DESCRIPTION OF THE TASK ->
Look in the listing below for the line that has "7447 Bluemink Ln, Melbourne, FL", then return it and each following line up to and including the one with "Tasty sponge cakes", exactly and without pictures.

DATASET RECORDS ->
———
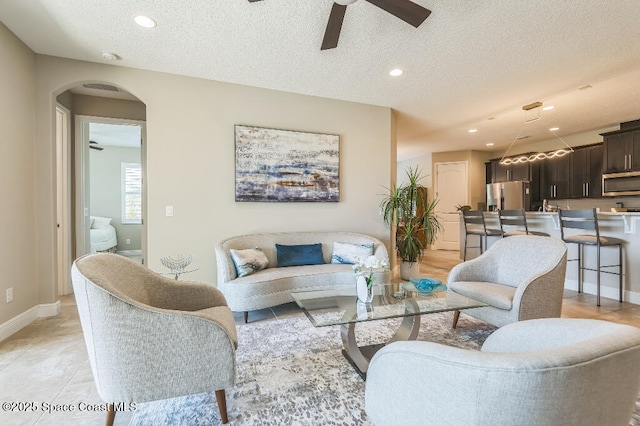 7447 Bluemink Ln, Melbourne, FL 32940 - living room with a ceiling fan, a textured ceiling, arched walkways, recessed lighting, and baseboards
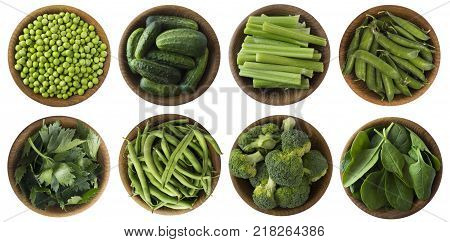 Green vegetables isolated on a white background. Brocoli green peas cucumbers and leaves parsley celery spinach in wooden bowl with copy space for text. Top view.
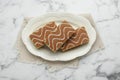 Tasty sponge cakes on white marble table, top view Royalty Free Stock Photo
———
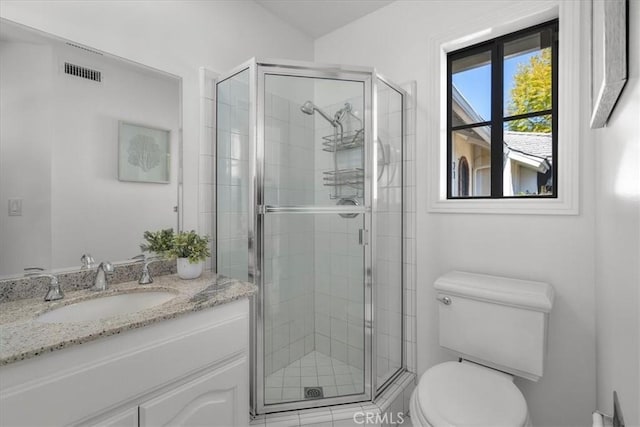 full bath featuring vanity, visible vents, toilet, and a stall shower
———
OUTPUT BELOW ->
 7447 Bluemink Ln, Melbourne, FL 32940 - living room with a ceiling fan, a textured ceiling, arched walkways, recessed lighting, and baseboards
 Green vegetables isolated on a white background. Brocoli green peas cucumbers and leaves parsley celery spinach in wooden bowl with copy space for text. Top view.
 Tasty sponge cakes on white marble table, top view Royalty Free Stock Photo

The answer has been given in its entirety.